Dienstag, 31. Januar 2012

Nicholas Evans – Der Pferdeflüsterer

„Dann haben wir die Stelle gefunden, nach der wir gesucht hatten. Es war eine steile Böschung, die zur Eisenbahnbrücke hinaufführte. Wir waren schon einmal oben gewesen, deshalb kannten wir den Pfad. Judith ritt jedenfalls voran, und weißt du, es war schon seltsam, aber Gully schien irgendwie zu spüren, dass was nicht stimmt. Er wollte nämlich nicht weiter, und Gully ist sonst nicht so.“
Sie hörte ihre eigenen Worte und merkte, dass sie die Zeiten verwechselt hatte. Sie warf ihm einen kurzen Blick zu, und er lächelte.

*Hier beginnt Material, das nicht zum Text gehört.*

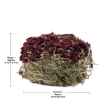 Picture of LIVING WORLD GREEN BOTANICALS HAY CAKE with Beets - 2.6oz/75g
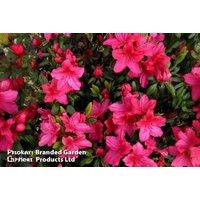 1 Or 2 Azalea Japonica Vuyks Scarlet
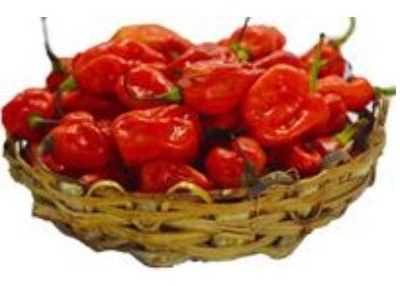 Fresh Pepper 50kg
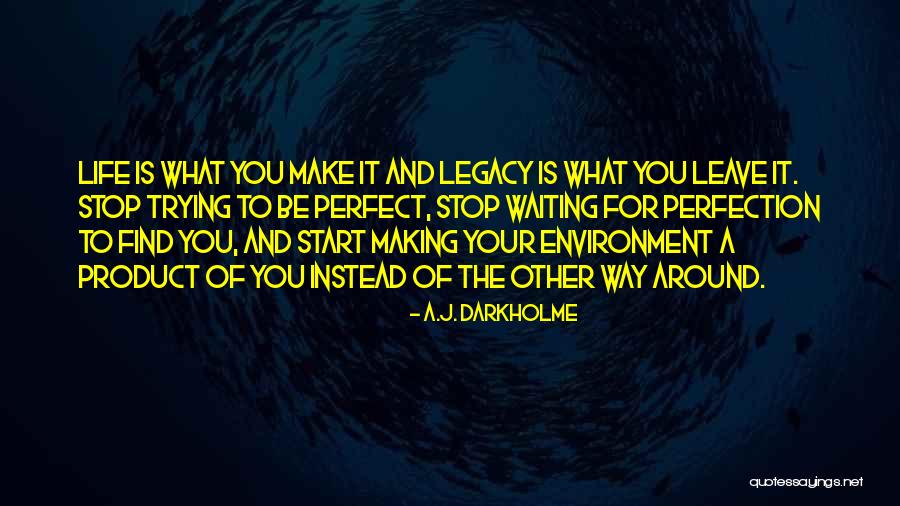 Product Of My Environment Quotes By A.J. Darkholme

„Also ging Gully rauf, und ich habe Judith gefragt, ob alles okay sei, und sie sagte nur, ich solle vorsichtig sein, und dann bin ich hinterher.“
„Musstest du Pilgrim antreiben?“
„Nein, überhaupt nicht. Mit ihm war es ganz anders, als mit Gully. Er freute sich, dass es weiterging.“
Sie blickte zu Boden und schwieg einen Augenblick. Ein Jährling wieherte leise und am anderen Pferchende. Tom legte eine Hand auf ihre Schulter.
„Alles in Ordnung?“
Sie nickte.
„Und dann ist Gully ausgerutscht.“ Sie sah Tom an und wirkte plötzlich sehr ernst. „Weißt du, später hat man herausgefunden, dass der Pfad nur auf dieser Seite vereist war. Ein paar Zentimeter weiter links, und es wäre nichts passiert. Aber offenbar hat Gully mit einem Huf drauf gestanden, und das hat gereicht.“
Sie blickte zur Seite, und an der Art, wie sich ihre Schultern bewegten, erkannte Tom, welche Kraft es sie kostete, die Ruhe zu bewahren.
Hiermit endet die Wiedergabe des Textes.